'''

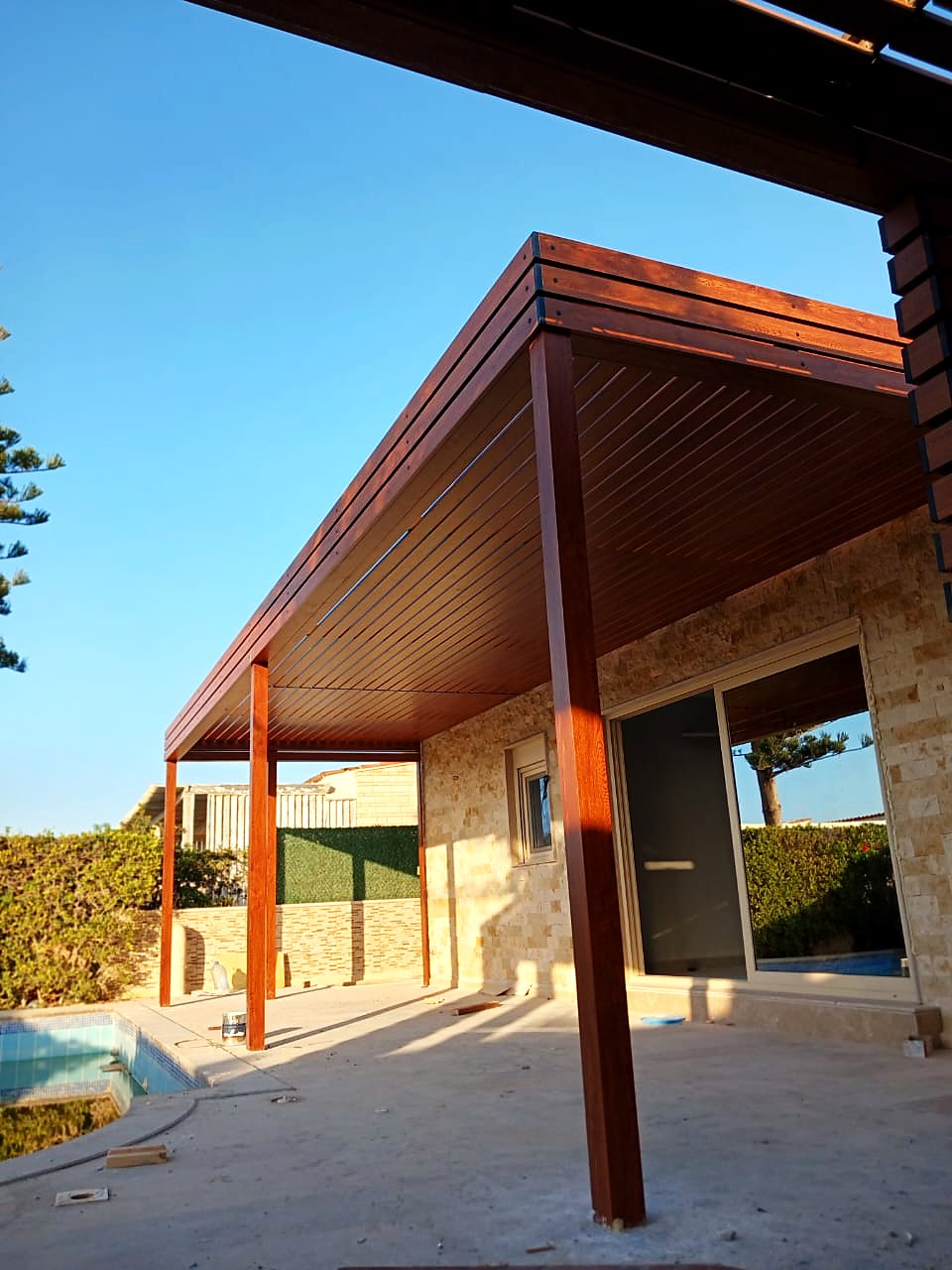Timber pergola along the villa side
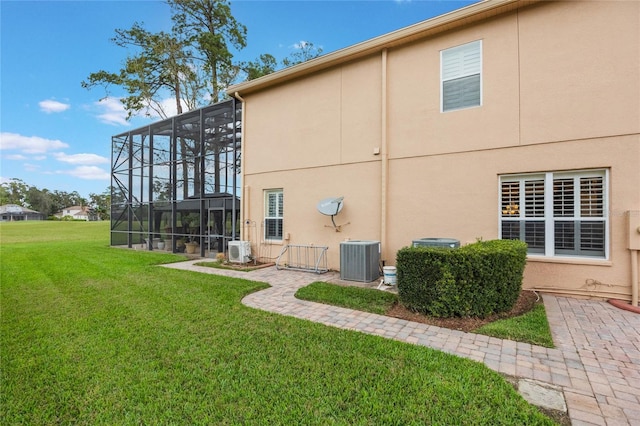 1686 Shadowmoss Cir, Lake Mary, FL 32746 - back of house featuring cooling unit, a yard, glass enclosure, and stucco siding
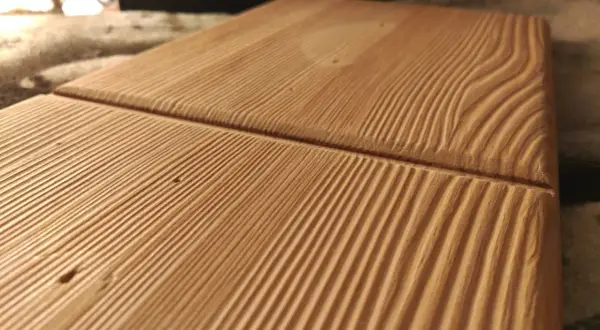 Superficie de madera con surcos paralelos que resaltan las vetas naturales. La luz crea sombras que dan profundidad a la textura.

'''
'''

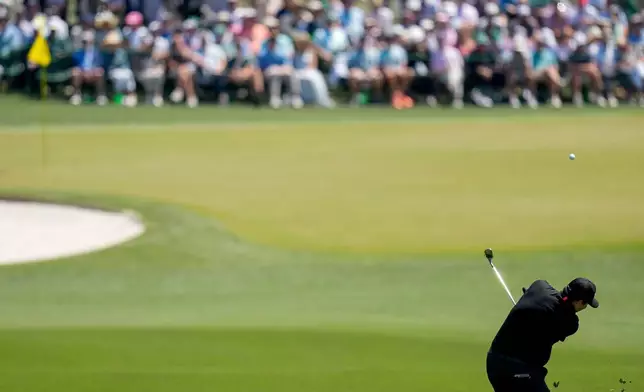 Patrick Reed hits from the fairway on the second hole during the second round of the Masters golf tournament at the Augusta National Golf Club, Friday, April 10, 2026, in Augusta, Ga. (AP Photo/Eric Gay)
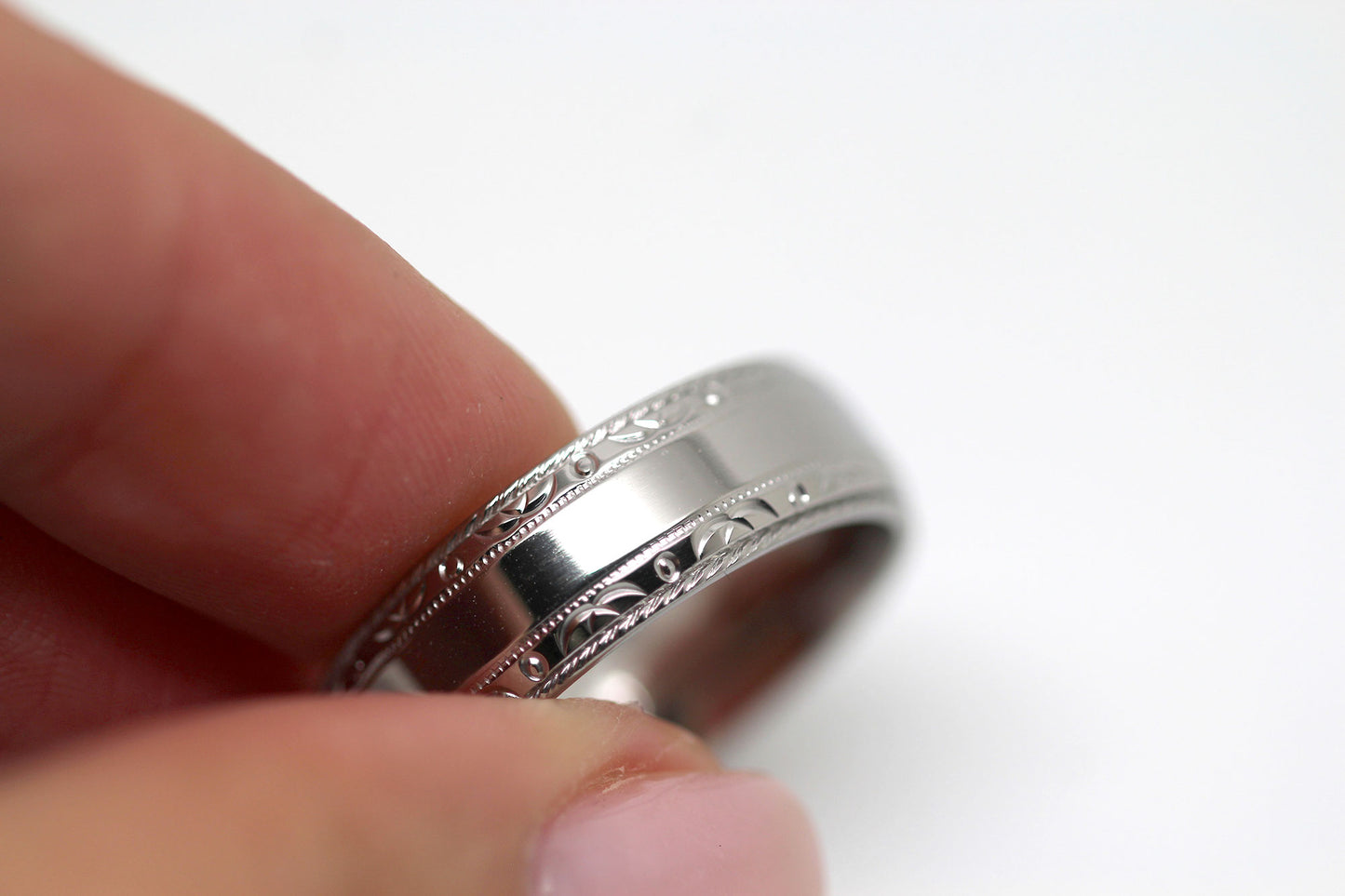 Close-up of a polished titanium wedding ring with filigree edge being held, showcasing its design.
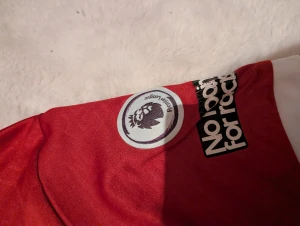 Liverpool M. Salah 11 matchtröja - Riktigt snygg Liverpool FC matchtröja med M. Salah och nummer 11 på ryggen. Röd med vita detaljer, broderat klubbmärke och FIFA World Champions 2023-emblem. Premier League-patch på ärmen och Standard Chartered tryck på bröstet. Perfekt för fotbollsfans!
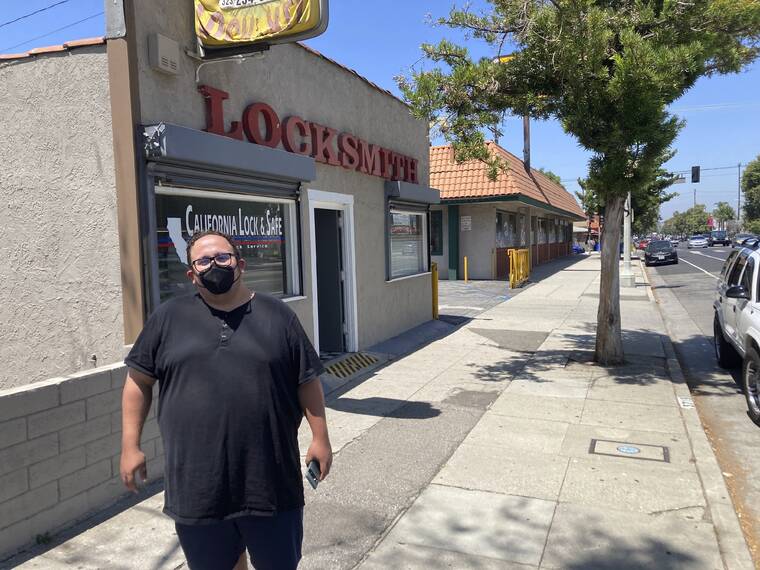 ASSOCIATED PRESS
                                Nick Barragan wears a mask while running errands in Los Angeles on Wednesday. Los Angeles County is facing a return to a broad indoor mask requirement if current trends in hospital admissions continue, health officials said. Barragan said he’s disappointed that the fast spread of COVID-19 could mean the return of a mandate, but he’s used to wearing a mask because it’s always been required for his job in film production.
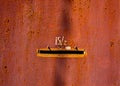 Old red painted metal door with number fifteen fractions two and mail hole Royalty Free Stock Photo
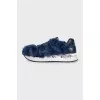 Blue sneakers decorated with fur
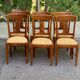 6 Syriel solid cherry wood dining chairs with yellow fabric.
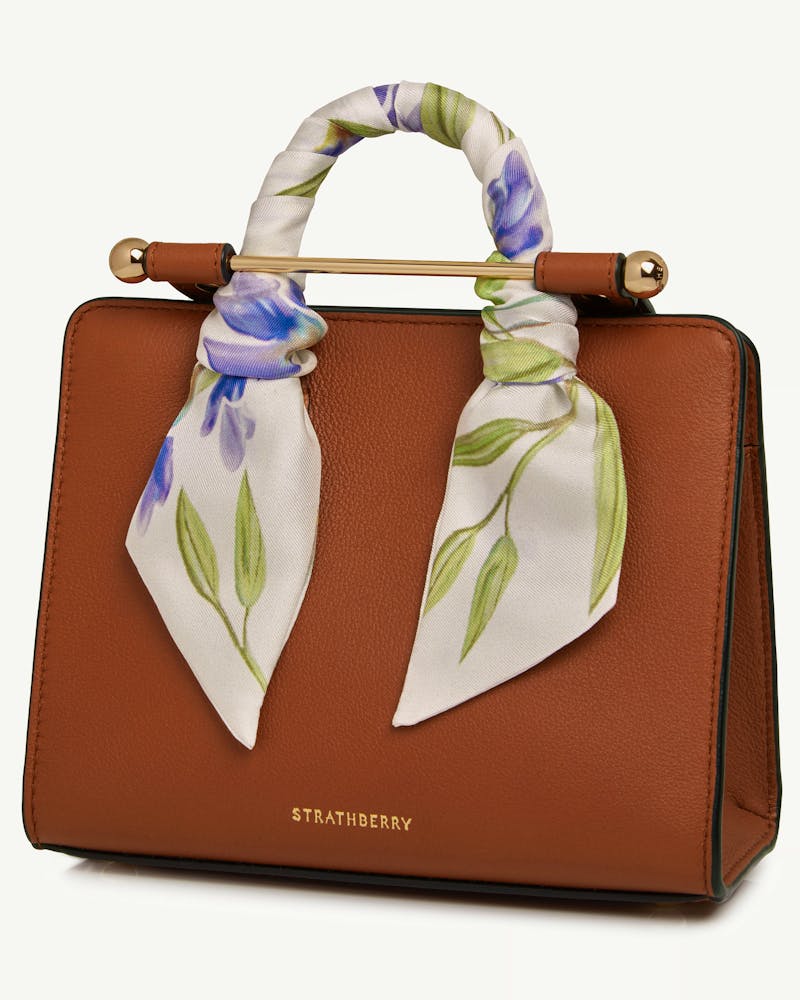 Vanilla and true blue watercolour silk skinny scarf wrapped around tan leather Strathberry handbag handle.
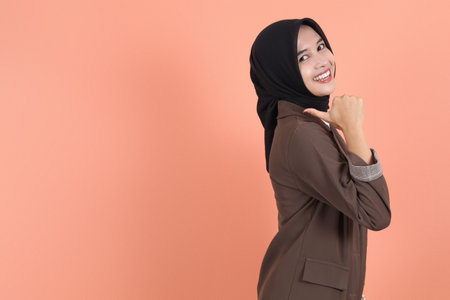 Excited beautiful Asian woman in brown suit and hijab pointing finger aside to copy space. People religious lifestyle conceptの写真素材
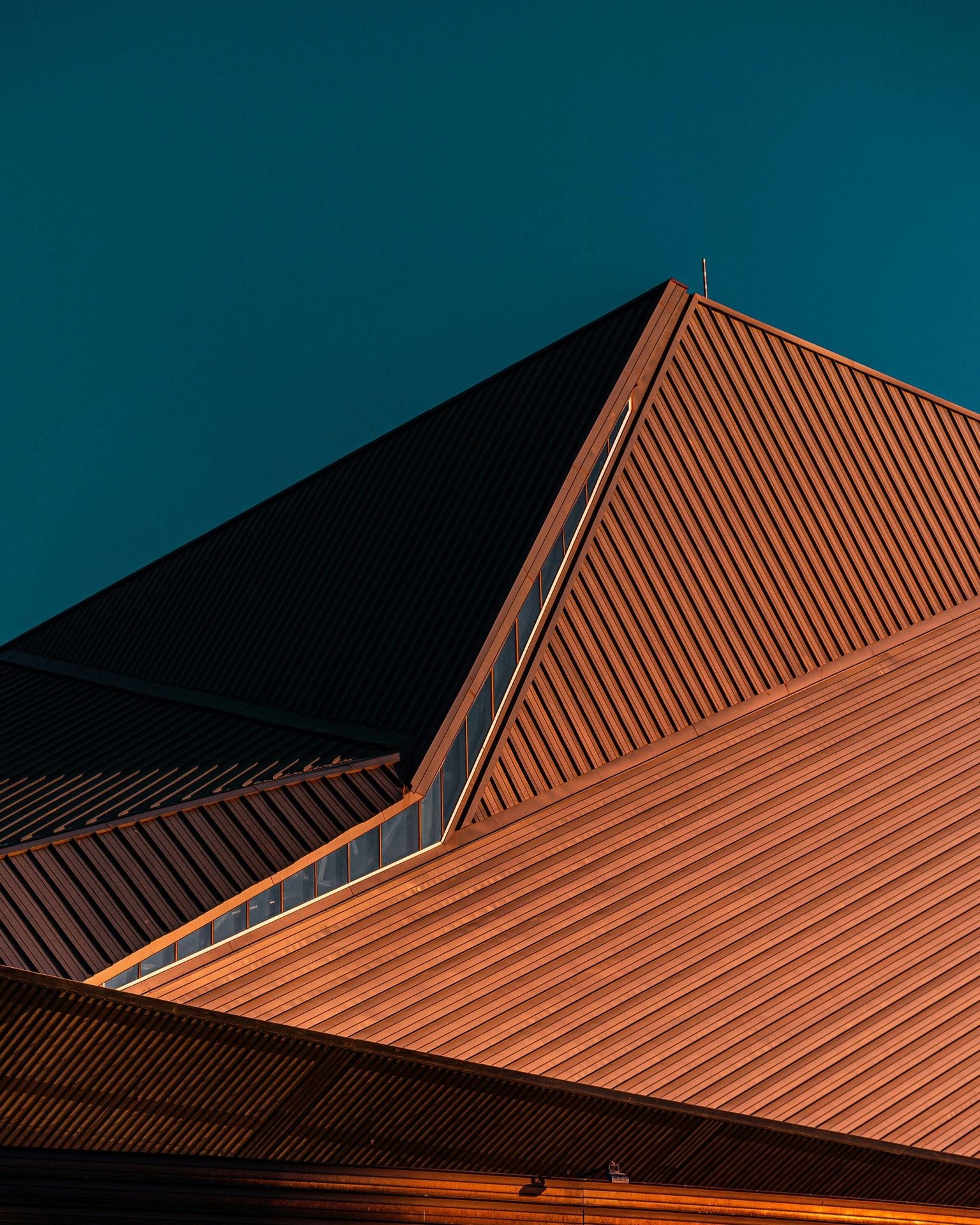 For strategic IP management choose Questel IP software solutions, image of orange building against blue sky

'''

Task directions => Once the line with "Patrick Reed hits" has been found above, output that line and every later line exactly, stopping after the line with "Close-up of a", and omit the pictures.

Task solution =>
 Patrick Reed hits from the fairway on the second hole during the second round of the Masters golf tournament at the Augusta National Golf Club, Friday, April 10, 2026, in Augusta, Ga. (AP Photo/Eric Gay)
 Close-up of a polished titanium wedding ring with filigree edge being held, showcasing its design.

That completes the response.